Page 88 of Dark Knight

He looks away, staring out the window over the sink. “Don’t tell me what I know, little girl. You don’t have the first clue.”

“What, are you planning on burying yourself here? Hiding out from the whole world? That’s what you would be doing, too, isn’t it? Living like a hermit. Watching the rest of the world moving while you’re too stuck and too stubborn to actually join in. Or too afraid.”

The muscles in his cheek twitch and his nostrils flare, but he won’t say a word. “Tell me I’m wrong. Tell me you aren’t doing this to run away from me, more than anything. You would rather stay here and be miserable and surrounded by awful memories than take a chance at living a life. Don’t you know you’re better than that? You’re worth more than this.”

Cold, uncertain silence fills the room. I don’t know what else to say. I could beg, but what good would that do even if I was willing to degrade myself? I could remind him of how happy I thought we were lately. How well we fit together and fill in the other’s empty places. How I have never felt more myself than when I was here with him.

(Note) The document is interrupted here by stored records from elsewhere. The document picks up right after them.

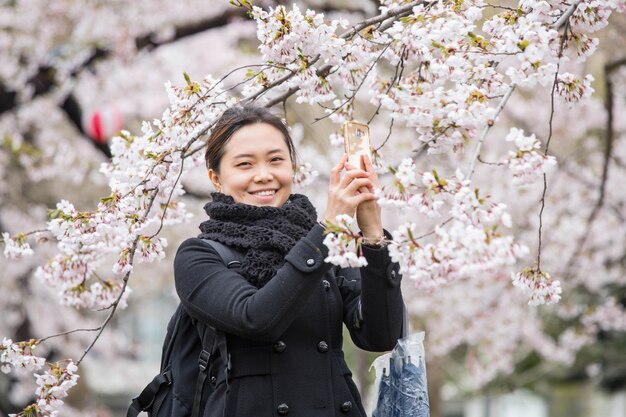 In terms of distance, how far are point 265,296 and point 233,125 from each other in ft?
1.60

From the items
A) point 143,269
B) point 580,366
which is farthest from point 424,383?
point 143,269

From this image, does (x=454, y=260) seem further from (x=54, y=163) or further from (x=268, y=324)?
(x=54, y=163)

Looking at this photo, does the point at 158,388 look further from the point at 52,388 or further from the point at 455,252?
the point at 455,252

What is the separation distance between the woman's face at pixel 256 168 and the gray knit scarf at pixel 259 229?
0.03 meters

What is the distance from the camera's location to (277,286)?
1852mm

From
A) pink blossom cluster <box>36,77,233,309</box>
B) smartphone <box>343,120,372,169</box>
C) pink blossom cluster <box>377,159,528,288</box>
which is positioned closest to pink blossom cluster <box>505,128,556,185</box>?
pink blossom cluster <box>377,159,528,288</box>

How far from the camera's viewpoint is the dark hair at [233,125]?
85.0 inches

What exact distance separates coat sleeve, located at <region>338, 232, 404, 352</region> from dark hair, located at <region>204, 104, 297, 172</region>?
0.38 metres

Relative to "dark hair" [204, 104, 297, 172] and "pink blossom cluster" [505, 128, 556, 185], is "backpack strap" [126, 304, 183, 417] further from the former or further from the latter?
"pink blossom cluster" [505, 128, 556, 185]

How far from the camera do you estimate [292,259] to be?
1852 millimetres

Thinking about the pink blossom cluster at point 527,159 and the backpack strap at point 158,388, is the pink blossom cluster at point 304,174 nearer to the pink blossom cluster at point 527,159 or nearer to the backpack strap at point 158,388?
the backpack strap at point 158,388

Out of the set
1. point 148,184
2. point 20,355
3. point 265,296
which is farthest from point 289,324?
point 20,355

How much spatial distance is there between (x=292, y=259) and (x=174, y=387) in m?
0.44

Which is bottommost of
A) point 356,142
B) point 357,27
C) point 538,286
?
point 538,286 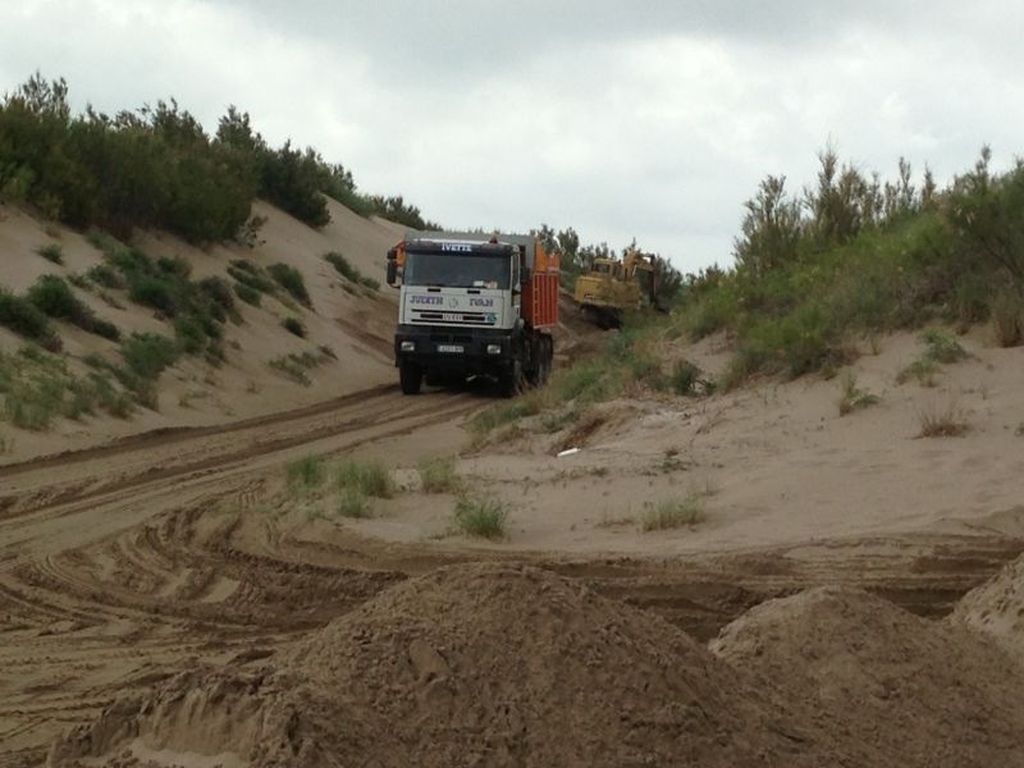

All he would do is find a way to make fun of me. To turn it into a joke. I can’t believe he would mean it – that’s the worst part of this. He’s lying; I know he is. There’s no way I made up everything I felt coming from him. It was more than lust or chemistry or even loneliness. I’ve been through all of those.

This was different. I know it in my bones.

“Are you finished?”

Is there a wounded puppy in the house? No, that whimper came from me before I could stop it. “Fine, then,” I whisper as I watch everything I thought was mine dissolve like wisps of smoke in a stiff breeze. I step up until we’re toe-to-toe, forcing myself to look him in the eye one more time, no matter how my heart screams in agony. “That’s fine. I want you to know you won’t see me again. I won’t put myself through it. I don’t know where I’m going. I only know I won’t risk seeing your face.”

His jaw ticks. “Am I supposed to believe that?”

“I don’t care what you believe. I’m just letting you know.” Even now, when I hate him with all my strength, being this close to him is torture. Not being able to touch him.

The creak of the door hinges barely registers my awareness. It’s the voice following the sound that gets my attention. “What the hell is going on here?”

My heart seizes at the sound of that familiar voice. No, no, this isn’t happening.

But there’s no denying the sight of my father standing in the living room, the front door still standing open. In one hand, he holds a key. “What the hell did I walk in on? Tell me. Now.”

My brain is going to short circuit. There he is, wearing the sort of polished outfit Mrs. Cooper described: gray slacks, a black turtleneck, a long coat I know cost a small fortune. All at once, the massive difference between this house and the world I’m about to return to comes into sharp focus.

“Nothing,” I somehow manage to choke. “Just… we were…”

“The secret’s out.” Romero gives me a filthy look that pretty much wrecks me. I would swear we went back to where we started. Like nothing has changed at all. “We never did learn to get along.”

“I was hoping you would.” My father scowls at me. “I hoped you would try your best.”

“It’s not her fault.” Romero shrugs. “I’m not easy to get along with.”

“Well, it’s over now.” Dad’s expression goes from stormy to elated. “Are you ready to come home? Where are your bags?”

I’m supposed to act like everything is normal now? Who was I before I came here? My God, I can hardly remember her. My father stares at me, still smiling, waiting for me to respond with… What? God damn Romero. This is all his fault. The spineless bastard.

“I… was going to go up and get everything together now.”

“Are you feeling all right? You’re not sick, are you? I thought you were taking care of yourself while you were here.”

This is all too surreal. I have to be alone. I can’t stand here in front of both of them and still function. “I’m fine. Surprised, that’s all. I had no idea… I mean, I didn’t know things were…”

“I didn’t want to tell her until I was sure everything was settled – and I figured you would rather be the one to tell her, anyway.” Always the kiss ass, isn’t he? And here I am, wishing he was dead.

But not nearly half as much as I wish I was dead.

“Of course. That makes sense.” Everything is fine in Dad’s world. Any decent daughter would be happy to see him looking so happy. However, I am not a decent daughter. I’m not a decent person, period.

“I better go upstairs.”

“Wait a second.” I’m so close to getting past him when he stops me. “Don’t I get a hug after all this time?”

That is the last thing I need to do. I reek of sex–I’m sure he’ll pick up Romero’s scent on me if we get too close. “I don’t think you want any of this right now.” Somehow, he even manages to laugh. “Let me take a quick shower first. But I am really happy to see you, Daddy.” And then I flat-out flee for the privacy of a room that was never mine in the first place. Right now it’s my only comfort.

My heart thuds painfully by the time I reach the front bedroom and close the door, then lean against it and gasp for breath. So this is how it ends. Who am I kidding? Nothing ever began. How could it have if the cold, empty shell down there could push me out of his life like I’m a fly he’s swatting away? That’s all I am to him. An insect. Something small and annoying and useless. I was kidding myself to think I would ever be more than that.